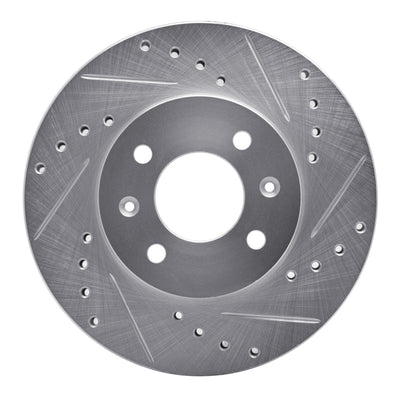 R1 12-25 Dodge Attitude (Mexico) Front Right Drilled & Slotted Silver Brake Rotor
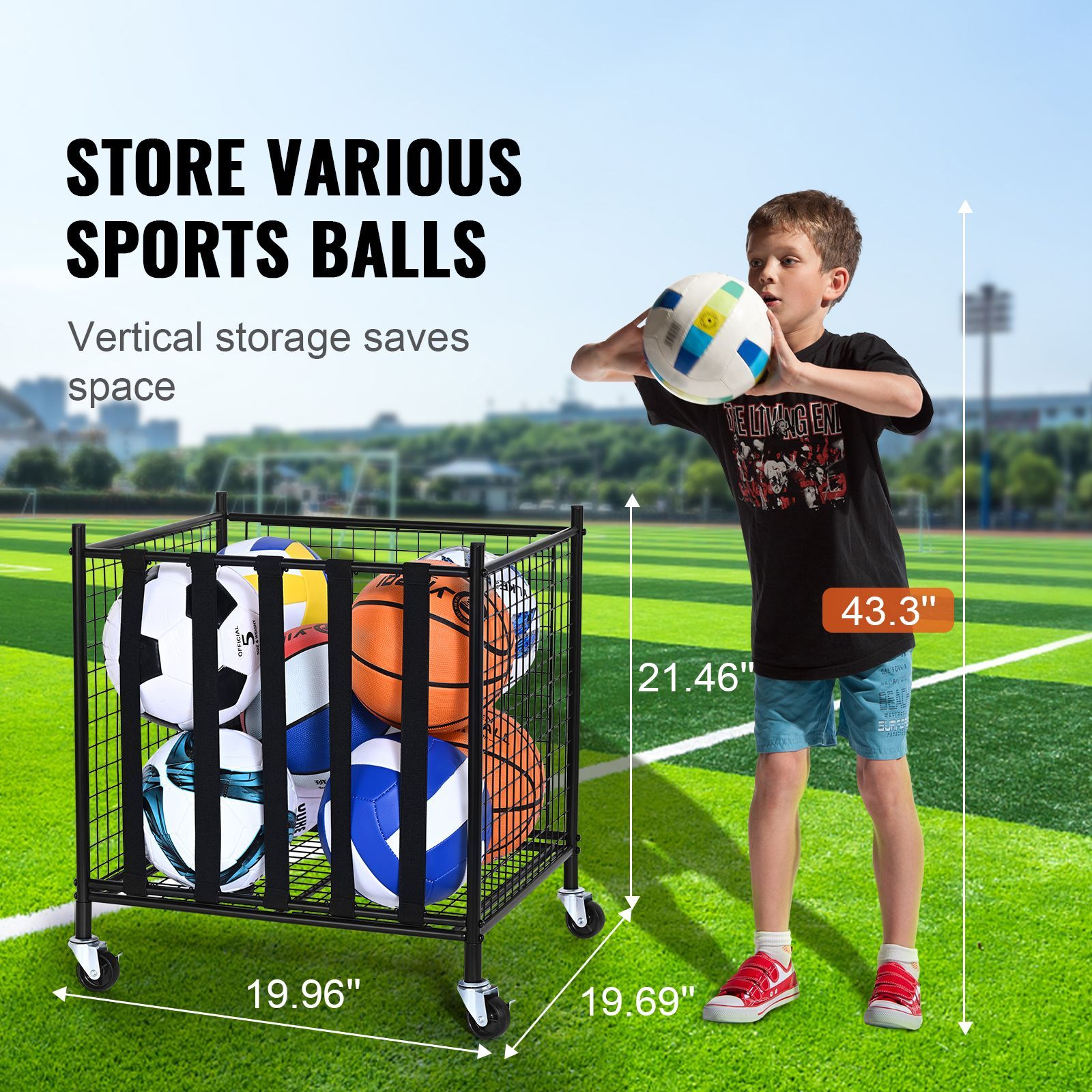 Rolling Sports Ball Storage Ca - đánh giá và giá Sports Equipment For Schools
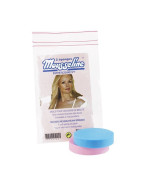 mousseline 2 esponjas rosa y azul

EXERCISE GOAL: Write the material above out again exactly as it reads, but don't carry over the pictures.

FINISHED TASK:
 R1 12-25 Dodge Attitude (Mexico) Front Right Drilled & Slotted Silver Brake Rotor
 Rolling Sports Ball Storage Ca - đánh giá và giá Sports Equipment For Schools
 mousseline 2 esponjas rosa y azul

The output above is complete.